I’ve just done a quick check and turn out there are about 20% of the sessions with only one event. so probably that’s the reason?

That does seem like the most reasonable explanation alright - you can choose to implement some logic to handle these cases, or just exclude them from the relevant analyses.

If you’re still curious I’d take a look at what those events are - my bet is that they’re page pings for the most part (ie a dormant tab is reactivated just before closing), or page views (a browser is repoened on the tab, triggering a pv before tab is closed or user navigates away). If they’re some other event, such as a transaction or a custom event which is only triggered in specific places, that would be evidence that there’s something wrong in your implementation.

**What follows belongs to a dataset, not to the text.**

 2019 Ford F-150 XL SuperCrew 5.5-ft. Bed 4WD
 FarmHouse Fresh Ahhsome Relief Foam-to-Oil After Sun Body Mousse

Having said that, that exercise would really only be to satisfy curiosity - for most analysis just understanding the cause is enough to handle it appropriately and start to dig into some more interesting stuff!

Thanks Colm. In that 20%, about 12% are sessions with 1 pageview, and 8% are sessions with 1 pageping.

Anyway, now I clearly understand why in a blog post you guys mentioned that counting sessions in this day and age (of multiple tabs browsing) may not make sense.